Urban Airspaces is building the software that will help cities manage low-altitude airspace: the coming reality of delivery drones overhead and the infrastructure nobody has quite figured out yet. Mark McLauchlan came to Future Workshops wanting to get more out of AI for market research. He left doing things with his business he hadn't thought possible.
Mark was already using AI. But the outputs weren't trustworthy enough to act on. Key markets were missing. Sources were vague or absent. Every time he needed a report, he started from scratch, and what came back felt more like a reflection of what he'd already told the tool than independent intelligence.
The framing, though, was the deeper problem. Mark thought he needed a better report. What he actually needed was a way to keep his team continuously current in a market that moves fast and matters enormously for credibility. Those are different problems, and solving the first one wouldn't have got him to the second.
Future Workshops started where it always does: understanding the business. Before touching any tool or workflow, we worked with Mark to make sure Claude understood Urban Airspaces the way Mark does: its market, its voice, what it was trying to achieve, and what was actually at stake. We connected Claude to the tools and systems Mark's business already ran on, so the AI assistant wasn't something separate he had to go and use. It was present where the work was already happening. From that point on, every interaction Mark had with Claude carried that context. He stopped re-explaining himself. The outputs stopped being generic.
Then came the more important question. Not "how do we make the report better?" but "what does the team actually need?" The answer wasn't a document. It was continuous awareness. A way for everyone at Urban Airspaces to stay current with a fast-moving market, without anyone having to go looking. Once that was clear, the right solution was obvious. And because Mark now understood how to direct AI precisely, he could build it himself.
That's what Future Workshops coaching tends to produce: not just better outputs, but a clearer sense of the real problem and the capability to solve it. By the end of the engagement, Urban Airspaces' market intelligence ran on its own, every week, without anyone touching it.
The time saving was real. What had taken half a day of searching, reading and summarising now runs in minutes, with sources attached to every claim. But that's not the part of the story that mattered most.

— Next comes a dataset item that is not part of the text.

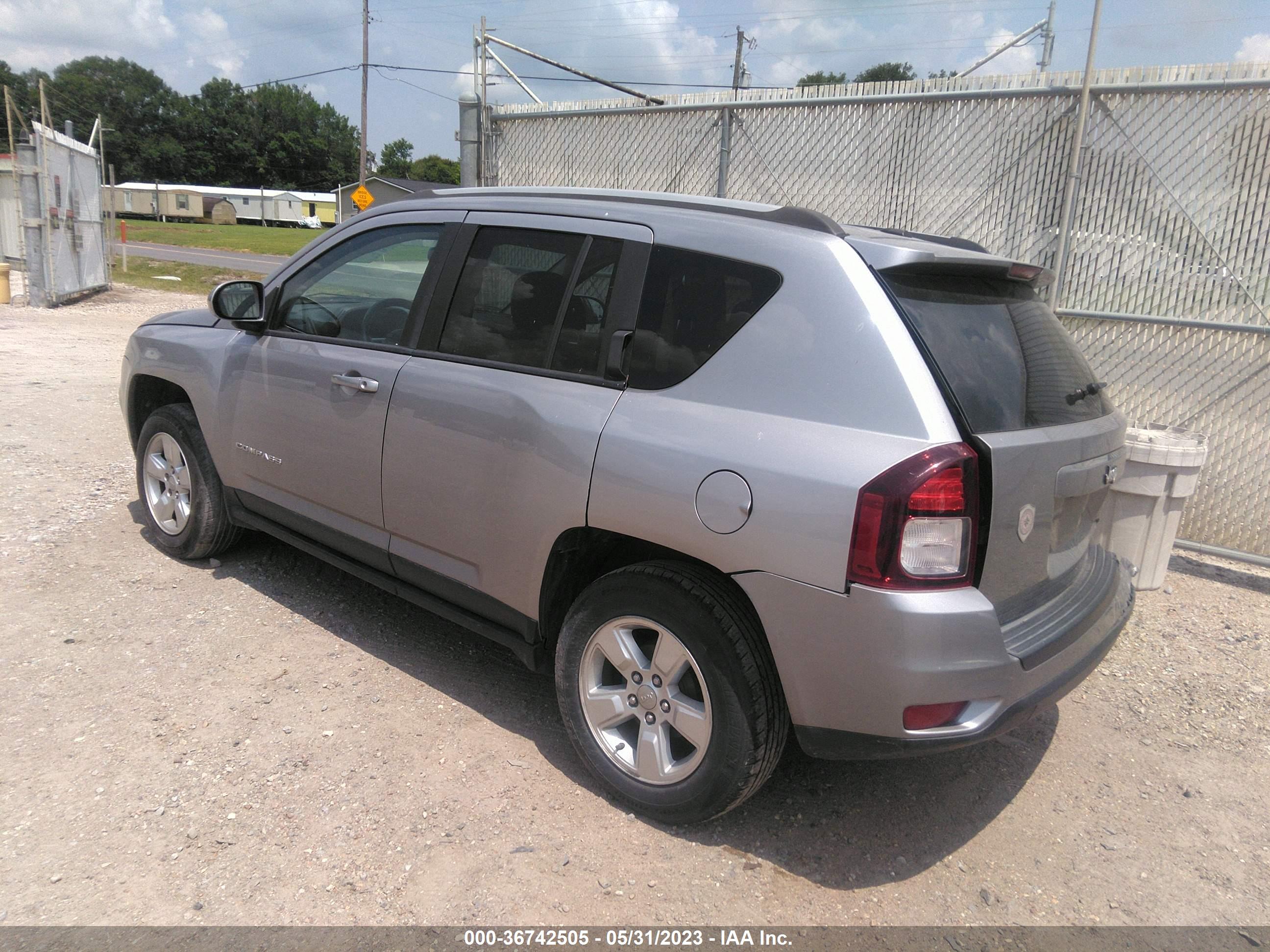 2016 JEEP COMPASS — VIN 1C4NJCEAXGD710032 — photo 3
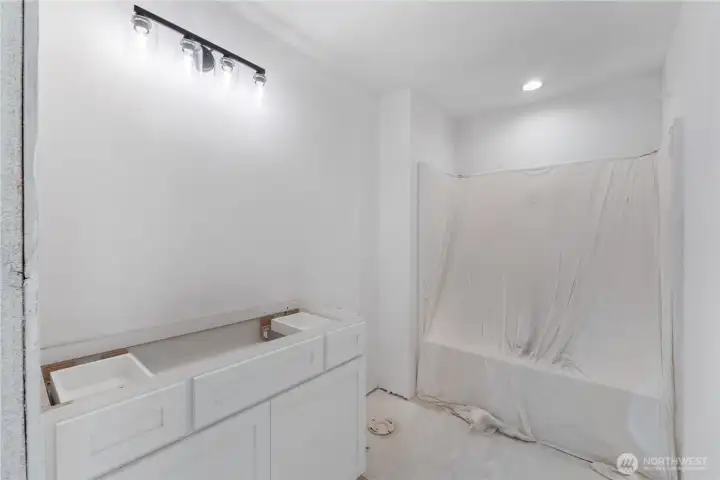 Full hall bath upstairs.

Partway through the engagement, Mark found himself in a conversation with a potential partner about a policy question: the kind of complex, research-heavy territory that a small team simply doesn't have time to go deep on. He asked Claude to draft a thought piece. What would have been two weeks of work came back in minutes. He sent it. It opened doors.
That moment, turning a capability he'd built for internal use into something he could offer externally, wasn't the plan when the coaching started. It came from seeing what was now possible. That's what Future Workshops coaching tends to do: it doesn't just make existing work faster. It changes what a business believes it can do.
Coaching wasn't just helpful, it transformed how I use Claude.